What makes this roadmap realistic is that every step uses existing infrastructure. Blood draw, targeted sequencing, a generic drug, and structured follow-up are standard tools. The novelty is the patient selection and the decision to treat a clone, not just a lab value.
How this could compress late-life cardiovascular mortality
Clonal hematopoiesis does not kill directly. It stacks the deck by making immune responses more inflammatory and blood more thrombosis-prone over time. That gradually increases the rate of events after age 65. The late-life mortality curve is driven by repeat events in people with damaged vascular beds, simmering inflammation, and reduced physiologic reserve. If you can cool the immune bias and slow the growth of the highest-risk clones, you reduce recurrent events and postpone first events that would otherwise occur in the eighth or ninth decade. The result is a lower tail of mortality from cardiovascular disease after age 75 and more people reaching very old age with less progressive vascular disability.
Importantly, this is not an argument against conventional prevention. It is a complement that addresses a different kind of residual risk. Two patients can have similar cholesterol, blood pressure, and glucose, yet very different inflammatory tone because one carries a TET2-mutated clone that keeps stoking vascular fire. Treating that specific driver may yield benefits that general risk control cannot fully capture on its own.
What clinicians can do next, starting Monday
- Pick your pilot population. Chronic coronary disease clinics with older adults are the most straightforward start.
- Choose a lab and a five-gene panel. Insist that reports include gene, variant, and variant allele fraction with detection thresholds and a recommended re-test interval.
- Build a short counseling script. Explain what CHIP is, why you are testing, and what you will do with the result.
- Create a standard colchicine order with a drug interaction checklist and a monitoring plan. Include a templated note that documents the rationale tied to clone subtype and variant allele fraction.
- Track outcomes in a small registry that records clone dynamics and cardiovascular events. That registry will be your lever for internal scale-up and external coverage discussions.
The open science questions worth watching
- Does colchicine reduce hard cardiovascular events more in TET2 or ASXL1 carriers than in noncarriers when used as background prevention in real-world practice?

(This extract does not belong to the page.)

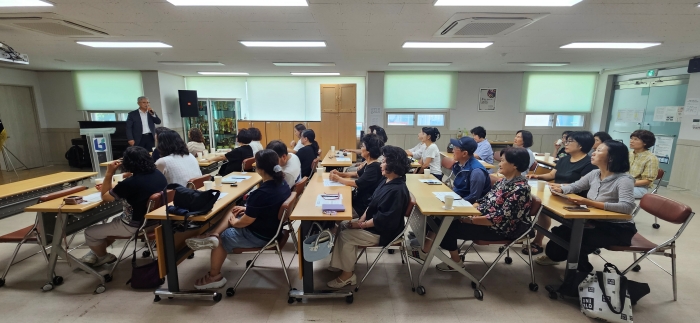 부천 송내2동, 지역사회보장협의체 위원 역량강화 교육 성황리 개최 이미지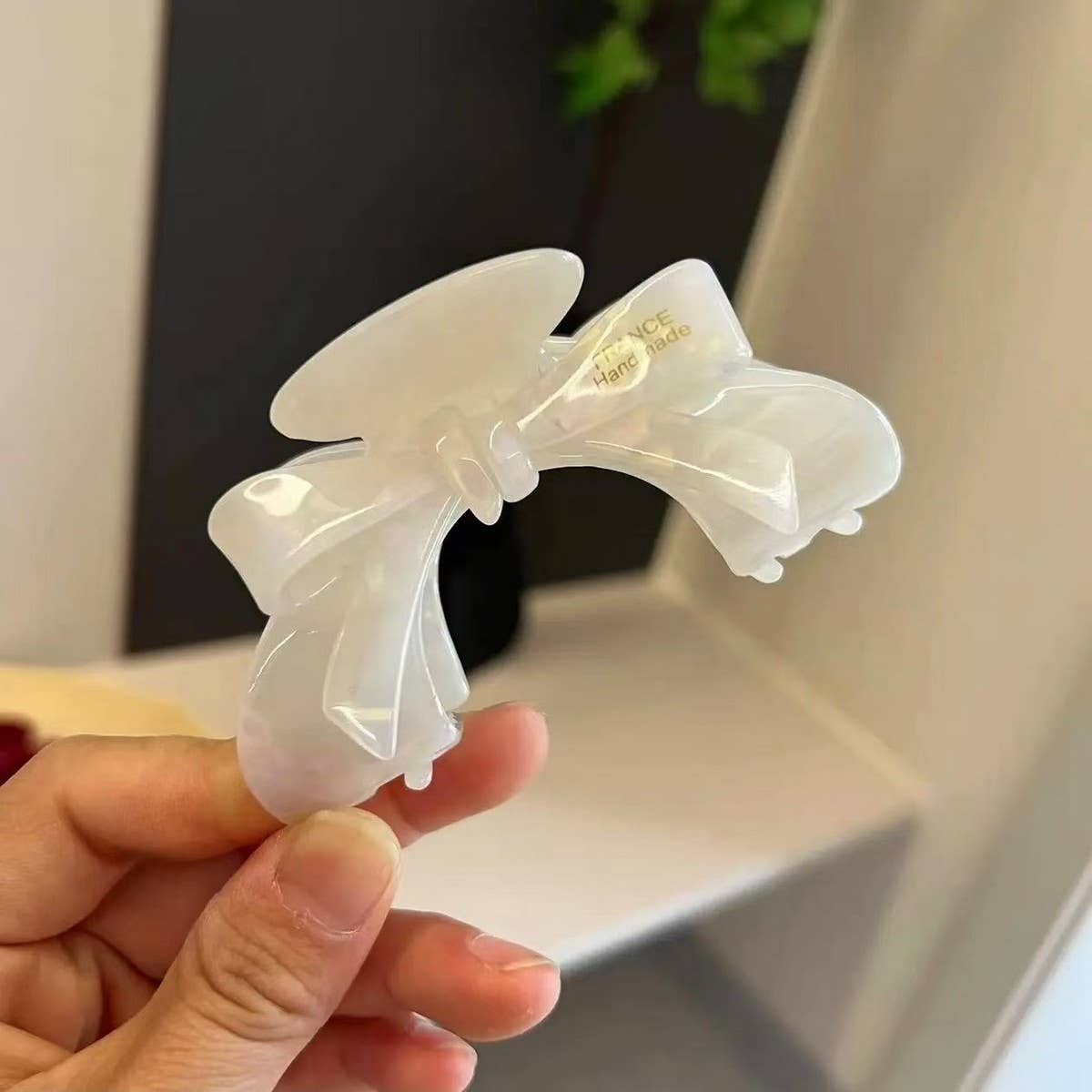 French Arch Hair Claw Bow Acetate Clip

- Will interleukin-1 beta or interleukin-6 directed therapies alter clone dynamics, not only inflammation, in specific CHIP subtypes?
- What is the minimal variant allele fraction and growth rate that justifies therapy in primary prevention, and how should that threshold vary by age and comorbidity?

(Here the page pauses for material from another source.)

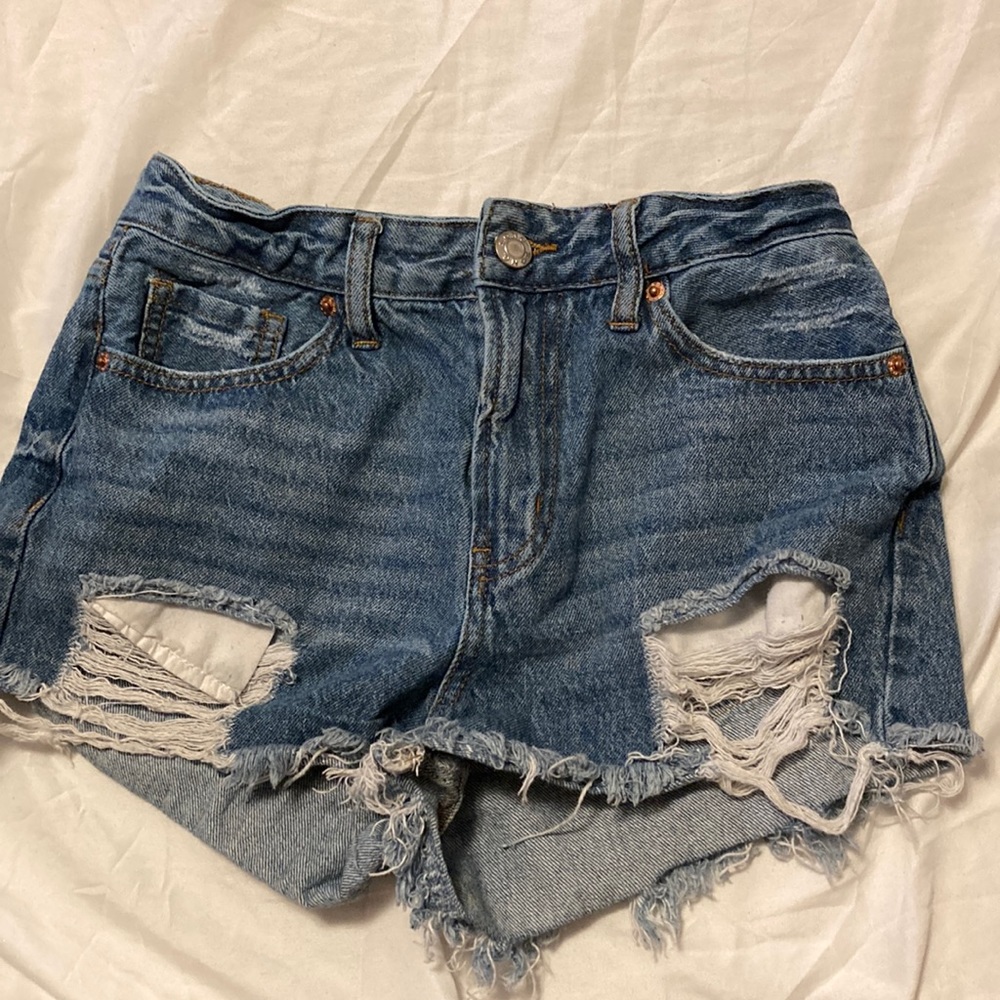 Ripped short Short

- Can we build simple, validated clinical scores that combine age, high-sensitivity C-reactive protein, clone subtype, and growth rate to guide therapy initiation and intensity?
Bottom line
In 2025, clonal hematopoiesis crossed an invisible line. The field went from observing a risk signal to acting on a modifiable target. Slowing the growth of TET2-driven clones with a safe, inexpensive drug is not a silver bullet, but it is a practical handle that clinicians can use today in the right patients. With a focused testing strategy and a disciplined rollout, health systems can start compressing late-life cardiovascular mortality by treating a root cause that hides in plain sight: a small, pushy branch on the blood-cell family tree that responds when you finally give it a reason to slow down.